Studio album by No-Big-Silence and Kosmikud
- Released: 2004
- Recorded: 2003
- Genre: Industrial metal Folk rock Alternative metal
- Length: 21:18
- Label: NBS Recordings
- Producer: No-Big-Silence and Kosmikud

No-Big-Silence chronology
| Procreate the Petrifactions 2004 (2004) | Kuidas kuningas Kuu peale kippus (2004) | War in Wonderland (2006) |

Kosmikud chronology
| Kuidas tuli pimedus... (2003) | Kuidas kuningas Kuu peale kippus (2004) | Pulmad ja matused (2006) |

= Kuidas kuningas kuu peale kippus =

2004 album by No-Big Silence and Kosmikud

Kuidas kuningas Kuu peale kippus (How the King Wanted to Go to the Moon) is an album released in 2004 by No-Big-Silence and Kosmikud.

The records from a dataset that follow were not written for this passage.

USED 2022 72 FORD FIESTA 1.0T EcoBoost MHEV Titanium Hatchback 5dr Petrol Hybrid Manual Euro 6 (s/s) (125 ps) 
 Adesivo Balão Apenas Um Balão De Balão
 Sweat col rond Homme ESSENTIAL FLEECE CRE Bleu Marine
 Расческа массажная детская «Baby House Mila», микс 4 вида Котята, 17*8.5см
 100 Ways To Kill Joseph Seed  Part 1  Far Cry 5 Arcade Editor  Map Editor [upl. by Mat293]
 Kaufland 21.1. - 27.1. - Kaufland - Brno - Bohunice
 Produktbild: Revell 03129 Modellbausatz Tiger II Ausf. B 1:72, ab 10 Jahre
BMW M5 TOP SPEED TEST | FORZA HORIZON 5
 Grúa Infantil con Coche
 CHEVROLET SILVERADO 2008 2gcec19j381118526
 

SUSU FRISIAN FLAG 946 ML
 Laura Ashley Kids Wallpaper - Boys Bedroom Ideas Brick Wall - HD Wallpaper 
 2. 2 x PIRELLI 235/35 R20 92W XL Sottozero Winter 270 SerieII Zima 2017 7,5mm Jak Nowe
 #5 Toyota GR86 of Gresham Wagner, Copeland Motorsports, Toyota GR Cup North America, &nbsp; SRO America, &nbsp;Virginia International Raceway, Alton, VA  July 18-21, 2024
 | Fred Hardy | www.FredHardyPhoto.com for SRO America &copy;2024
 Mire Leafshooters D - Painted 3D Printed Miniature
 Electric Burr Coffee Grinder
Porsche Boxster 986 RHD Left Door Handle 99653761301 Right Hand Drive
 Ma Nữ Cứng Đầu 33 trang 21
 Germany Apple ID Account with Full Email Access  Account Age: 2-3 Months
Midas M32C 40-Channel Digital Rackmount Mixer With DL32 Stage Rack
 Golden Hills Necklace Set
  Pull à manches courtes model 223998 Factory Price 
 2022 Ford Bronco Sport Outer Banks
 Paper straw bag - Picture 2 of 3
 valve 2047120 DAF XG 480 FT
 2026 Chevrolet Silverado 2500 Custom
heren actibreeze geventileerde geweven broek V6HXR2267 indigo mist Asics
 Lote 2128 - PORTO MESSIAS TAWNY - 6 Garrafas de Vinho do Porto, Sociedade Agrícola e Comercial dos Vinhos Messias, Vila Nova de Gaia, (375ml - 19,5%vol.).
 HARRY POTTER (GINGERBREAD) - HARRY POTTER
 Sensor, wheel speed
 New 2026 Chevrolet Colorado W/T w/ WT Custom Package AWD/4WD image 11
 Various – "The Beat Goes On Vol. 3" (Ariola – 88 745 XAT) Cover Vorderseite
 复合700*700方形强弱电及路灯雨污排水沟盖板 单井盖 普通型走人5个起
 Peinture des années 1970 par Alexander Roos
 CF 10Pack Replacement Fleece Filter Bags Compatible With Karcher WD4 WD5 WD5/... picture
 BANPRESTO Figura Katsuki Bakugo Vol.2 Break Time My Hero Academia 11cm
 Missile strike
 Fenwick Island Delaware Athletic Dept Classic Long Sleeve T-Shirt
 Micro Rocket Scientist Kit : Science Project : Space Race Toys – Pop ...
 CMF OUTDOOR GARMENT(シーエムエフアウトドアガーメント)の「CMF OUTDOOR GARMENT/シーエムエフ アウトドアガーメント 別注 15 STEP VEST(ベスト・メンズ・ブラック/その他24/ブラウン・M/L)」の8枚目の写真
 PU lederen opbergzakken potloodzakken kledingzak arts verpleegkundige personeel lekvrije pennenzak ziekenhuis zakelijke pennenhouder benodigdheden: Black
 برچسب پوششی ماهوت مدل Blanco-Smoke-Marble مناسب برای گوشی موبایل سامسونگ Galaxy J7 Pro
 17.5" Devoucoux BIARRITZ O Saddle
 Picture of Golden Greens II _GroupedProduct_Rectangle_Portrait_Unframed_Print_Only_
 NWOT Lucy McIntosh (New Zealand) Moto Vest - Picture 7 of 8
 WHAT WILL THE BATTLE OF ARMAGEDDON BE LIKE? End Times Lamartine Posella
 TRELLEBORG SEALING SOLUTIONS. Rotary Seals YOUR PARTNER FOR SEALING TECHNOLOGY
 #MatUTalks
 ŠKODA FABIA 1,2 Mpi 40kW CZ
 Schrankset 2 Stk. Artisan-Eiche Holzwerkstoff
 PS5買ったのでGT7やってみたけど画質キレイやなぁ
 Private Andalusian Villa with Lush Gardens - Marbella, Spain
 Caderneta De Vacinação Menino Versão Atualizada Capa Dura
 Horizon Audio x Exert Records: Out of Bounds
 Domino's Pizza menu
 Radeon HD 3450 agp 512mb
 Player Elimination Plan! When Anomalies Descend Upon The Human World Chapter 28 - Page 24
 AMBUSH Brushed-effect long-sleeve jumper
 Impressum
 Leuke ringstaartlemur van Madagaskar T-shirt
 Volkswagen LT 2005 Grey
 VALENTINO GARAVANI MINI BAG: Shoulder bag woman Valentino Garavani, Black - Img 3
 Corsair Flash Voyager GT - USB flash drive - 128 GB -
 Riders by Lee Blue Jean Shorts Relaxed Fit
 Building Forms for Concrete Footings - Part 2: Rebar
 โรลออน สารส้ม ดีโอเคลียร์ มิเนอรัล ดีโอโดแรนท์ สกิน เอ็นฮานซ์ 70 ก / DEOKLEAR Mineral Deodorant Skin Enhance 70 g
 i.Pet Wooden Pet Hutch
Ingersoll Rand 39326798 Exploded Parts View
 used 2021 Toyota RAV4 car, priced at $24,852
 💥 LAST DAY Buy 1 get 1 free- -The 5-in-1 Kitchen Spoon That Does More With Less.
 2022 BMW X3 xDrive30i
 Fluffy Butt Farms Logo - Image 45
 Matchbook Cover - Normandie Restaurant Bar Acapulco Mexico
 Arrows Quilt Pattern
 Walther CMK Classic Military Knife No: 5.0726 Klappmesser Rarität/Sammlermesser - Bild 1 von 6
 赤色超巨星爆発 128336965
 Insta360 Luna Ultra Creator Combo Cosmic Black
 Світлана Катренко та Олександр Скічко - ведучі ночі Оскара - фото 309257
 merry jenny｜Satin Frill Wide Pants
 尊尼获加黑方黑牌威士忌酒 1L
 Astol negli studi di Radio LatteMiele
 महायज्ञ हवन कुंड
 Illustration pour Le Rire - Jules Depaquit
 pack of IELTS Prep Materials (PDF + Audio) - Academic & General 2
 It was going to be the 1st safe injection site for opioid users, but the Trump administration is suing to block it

The singles are "Kuninga imekanad", "Sepa kahurikuul" and "Tisleri kastitorn". The album is based on the 1976 TV musical Kuidas kuningas kuu peale kippus by Peeter Volkonski and Dagmar Normet. The original arrangement was done by the Estonian rock band Ruja (1971–1988).

==Track listing==
1. "Kuninga imekanad" ("King's Wonder-chicken") – 2:31
2. "Vapper major annab au" ("Brave Major Salutes") – 1:25
3. "Tisleri imelind" ("Joiner's Wonderbird") – 3:52
4. "Sepa kahurikuul" ("Blacksmith's Cannonball") – 2:13
5. "Koka laul" ("Chef's Song") – 3:26
6. "Tisleri kastitorn" ("Joiner's Tower of Boxes") – 2:18
7. "Ehitame torni" ("We're Building a Tower") – 1:55
8. "Ei jaksa me" ("We Haven't Got the Strength") – 2:19
9. "Hei pinguta ja rassi" ("Hey Strive and Toil") – 13:18
- The real length of "Hei pinguta ja rassi" is 2:14 and is followed by 7:55 of silence before a small clip of the band doing a recording session comes in at 9:29 which lasts for 3:50.

==Personnel==
=== No-Big-Silence ===
- Cram – vocals (tracks 1, 2, 3, 4, 7, 8, 9)
- Kristo K – guitar (3); backing vocals (8); keyboards
- Willem – acoustic guitar (1, 3, 5, 7); backing vocals (8)
- Kristo R – drums; backing vocals (8)

=== Kosmikud ===
- Hainz - vocals (5, 8, 9)
- Aleksander Vana - guitar
- Kõmmari - bass

===Others===
- Peeter Volkonski - vocals (6, 7, 9)
- Hele Kõre - vocals (1, 5, 7, 8)
- Peeter Malkov - flute (3)
- DJ Sinda - DJing (4)

==Notes==
- No-Big-Silence & Kosmikud featuring Peeter Volkonski and Hele Kõre.
- Music by Peeter Volkonski, lyrics by Dagmar Normet, arranged by No-Big-Silence and Kosmikud.
- Recorded at No-Big-Silence Studios winter 2003/2004.
- Mastered by Kristo Kotkas.
- Drawings by Aivar Juhanson, photos by Viktor Koshkin, design by Cram.